I guess you could, but personally I like the reassurance of having the coolant all drain out & then add fresh coolant separately.
@@FixItWithJon draining by disconnecting hose on radiator? but there will still be some old coolant in system, as i need to clean it out since i need to replace cabin heater that was blocked
@@vojkostar Yep - fair enough. I have a coolant flush video in the works, but for now: Drain with the engine cold, from the radiator bottom hose. Refill with distilled water, run engine up, cool engine, drain again. Repeat as many times as you feel you need (generally 3 is plenty). Then you can be sure all debris is out. You can also use a coolant drain additive to aid the process: geni.us/YIIyddh. Then fill up and bleed as per this video. Hope that helps?
@@FixItWithJon you fill distiled water directly in radiator and expansion tank, is there procedure where do i am adding water when it is starting circulating when engine is running
U mnie nie trzeba wcisnąć pedałów hamulca. Pokazuje ze uruchomione. Po chwili zakańcza ze wzgledow bezpieczeństwa. Please help. Crafter II 2.0btdi
Were can I get a VCDS from? Thank you
Aliiexpress :D
Hello, can a coolant or radiator flush be performed withoot using VCDS at all? this seems so complicated or rather confusing. why didn't you show what you were doing to drain the system while using the VCDs so is DIYers could learn visually? Thank you for the video btw!!

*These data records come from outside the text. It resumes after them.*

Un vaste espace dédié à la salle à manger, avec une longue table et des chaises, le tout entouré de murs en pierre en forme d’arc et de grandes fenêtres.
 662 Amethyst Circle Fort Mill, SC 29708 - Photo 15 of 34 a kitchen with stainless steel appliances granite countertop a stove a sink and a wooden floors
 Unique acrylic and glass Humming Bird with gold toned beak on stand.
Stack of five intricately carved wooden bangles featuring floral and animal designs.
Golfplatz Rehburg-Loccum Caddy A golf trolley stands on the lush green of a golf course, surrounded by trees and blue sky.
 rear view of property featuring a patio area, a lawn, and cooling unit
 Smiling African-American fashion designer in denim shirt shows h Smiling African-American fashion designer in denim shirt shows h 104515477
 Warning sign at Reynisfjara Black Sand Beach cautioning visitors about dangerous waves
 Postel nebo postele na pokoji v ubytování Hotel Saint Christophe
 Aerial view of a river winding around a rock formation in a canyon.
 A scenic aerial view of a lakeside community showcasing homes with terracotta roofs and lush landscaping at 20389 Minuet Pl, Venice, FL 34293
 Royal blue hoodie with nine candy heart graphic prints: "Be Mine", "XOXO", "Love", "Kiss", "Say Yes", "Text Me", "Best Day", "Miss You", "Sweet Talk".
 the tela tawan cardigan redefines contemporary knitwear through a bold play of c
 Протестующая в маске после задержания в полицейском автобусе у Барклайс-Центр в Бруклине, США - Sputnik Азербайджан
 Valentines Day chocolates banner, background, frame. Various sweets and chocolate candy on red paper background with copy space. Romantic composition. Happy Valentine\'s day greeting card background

Unfortunately not on modern VAG cars buddy. It’s because they don’t just have one mechanical water pump - there’s 2 electrical water pumps too. The ONLY way to get past those is an active bleeding process.
Hi Jon - Does this work on a 2002 A6 2.5 TDI?
Hiya, I’m not sure but my feeling is probably not. It works on the 2016 Skoda because of the electric coolant pumps in the system. With a vehicle as old as yours I would imagine that it would only have a mechanical coolant pump and therefore this process wouldn’t be applicable. Hope that makes sense?